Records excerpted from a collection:
§

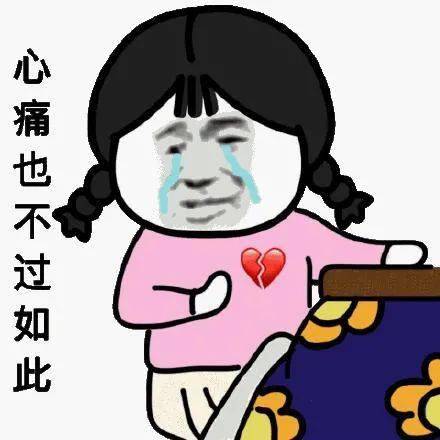 价值上千的翡翠进价仅30元直播带货成假货重灾区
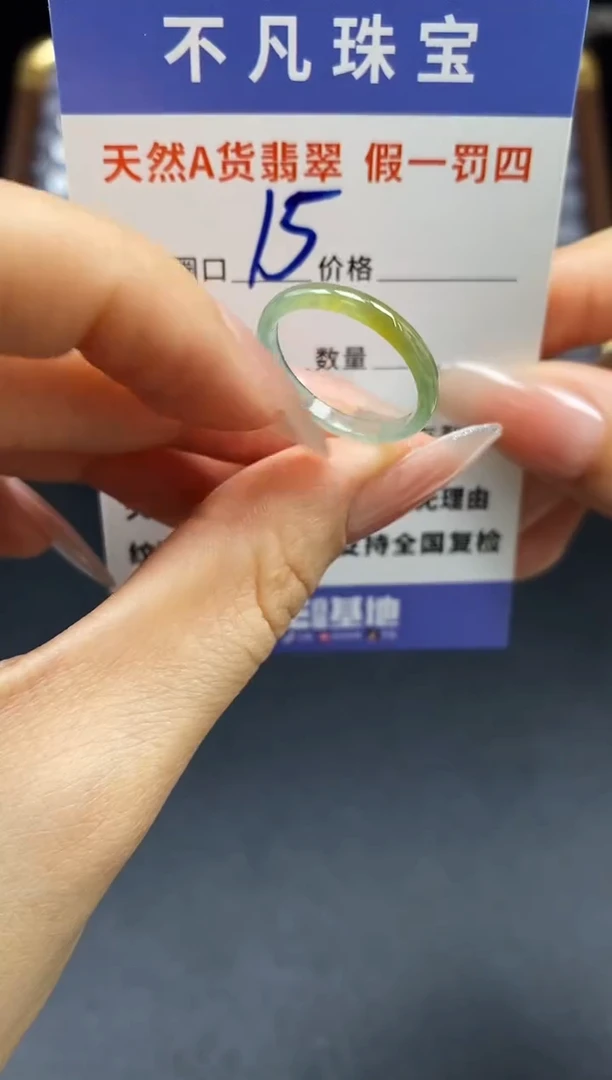 未镶嵌戒指翡翠天然A货翡翠166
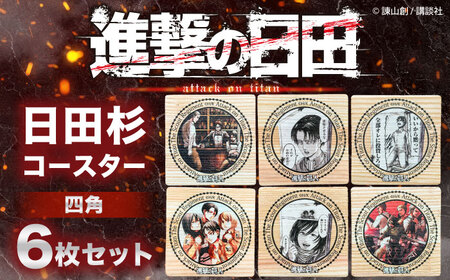 日田 進撃の巨人のふるさと納税 返礼品 検索結果 | ふるさと納税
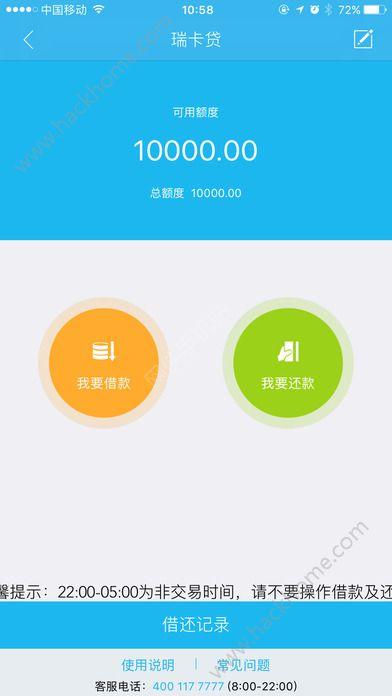 下载瑞和宝app下载（下载瑞和宝app下载官网）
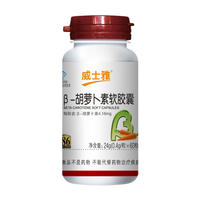 威士雅β-胡萝卜素软胶囊缓解视力疲劳眼睛护眼0.4g/粒×60粒 0390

§

Set down all records verbatim, omitting images.

Problem solution:
 价值上千的翡翠进价仅30元直播带货成假货重灾区
 未镶嵌戒指翡翠天然A货翡翠166
 日田 進撃の巨人のふるさと納税 返礼品 検索結果 | ふるさと納税
 下载瑞和宝app下载（下载瑞和宝app下载官网）
 威士雅β-胡萝卜素软胶囊缓解视力疲劳眼睛护眼0.4g/粒×60粒 0390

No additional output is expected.